Location: Groove Central World, Rama I Road, Bangkok 10300 (11am-12am). Tel: 02 102 7678.
For a bit of privacy:
Despite its bright orange and, frankly, quite garish exterior, Eats Payao is easily missed. Found only when driving slowly down Yen Akat Road, Eats Payao is an endearingly eccentric little restaurant serving incredible Northern Thai food. Dimly lit, eclectically decorated, and even more eclectically staffed (one waiter’s a non-Thai speaking Columbian), the eatery is a great place for an overdue catch up — with all the necessary ice-breakers if necessary. We can’t be sure about the set-up at Eats Payao, but what we can be sure of is that its food is unbelievably good. Try the Tamarind Prawns and lick up every bit of the rich, salty-sweet sauce, or get the spaghetti with Sai Oua (Chiang Mai sausage) which is topped with a great crispy fried egg that oozes upon piercing. The true highlight though is the essential Northern Khao Soi; this place does the creamy noodle dish right in every way.
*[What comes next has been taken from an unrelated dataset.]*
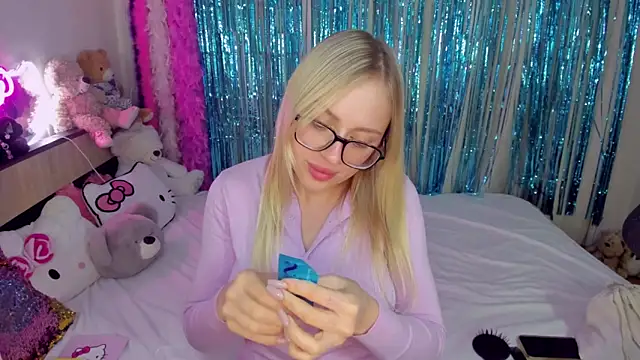 Snapshot of CeaneLino chatting on 11.19.25 CeaneLino online show from 11.19.25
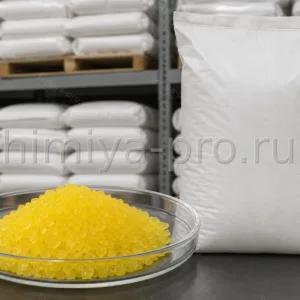 Жёлтые кристаллы железистосинеродистого калия K4Fe(CN)6 в мешках на складе химических реактивов для аналитики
Location: Yen Akat Road, Bangkok 10120 (11.30am-12am. Closed Wednesdays). Special note: 20% discount on weekdays. Tel: 084 282 2636.
For a beautiful setting:
Although the newest joint on the list, Rongros takes on the oldest traditions in both cuisine and decor. Suitably located in Bangkok’s Old Town, the “house of flavours” (as the restaurant name would literally translate to) sets your sense of nostalgia alight with their dark-vintage chandeliers and wallpapers. It’s not surprising that this is one of the most beautiful Bangkok restaurants; Rongros is the brainchild of Ou Baholyodhin, the creative director of Sansiri PLC. But in contrast to the contemporary, urban designs for Sansiri’s luxury condominiums, Rongros is a celebration of all things old but gold. The menu takes you on a journey through Bangkok of all ages, from traditional watermelon with dried fish salad to decadently dark iced mochas. Be sure to request a table by the window (or on the terrace if you’re brave enough), to dine with a remarkable view of the Chaopraya River and Wat Arun, the iconic and beautiful Temple of Dawn.
Location: Maha Rat Road, Bangkok 10200 (11am-3pm, 5pm-10pm. Closed Tuesdays). Tel: 096 946 1785.
For showing off:
How do we even begin to introduce Sorn? Rated one of the best restaurants in the world, this Southern Thai fine dining experience is definitely one of a kind. Even as a born-and-bred Thai, you’ll still find yourself surprised, confused, and bewildered by this gastronomical journey. Just imagine a foreign visitor’s reaction. Starting with a flurry of bite-sized dishes with obscure names on the menu like ‘Gems on crab stick’ and ‘Tu-pa-su-tong’, you then move on to larger sharing dishes to keep that authentic Thai way of communal eating. This is the place to go if you want a truly unique experience with what has been officially ranked as the best Thai food in the world. Yet none of your friends from abroad will have even heard of the dishes on this menu. The only drawback is the difficulty in getting a table here. All we can say is plan in advance, prepare to be flexible, and rub the right elbows.
Location: Sukhumvit 26, Bangkok 10110 (Tues-Fri: 6pm-11pm. Sat-Sun: 12pm-2pm, 6pm-11pm. Closed Mondays). Tel: 099 081 1119.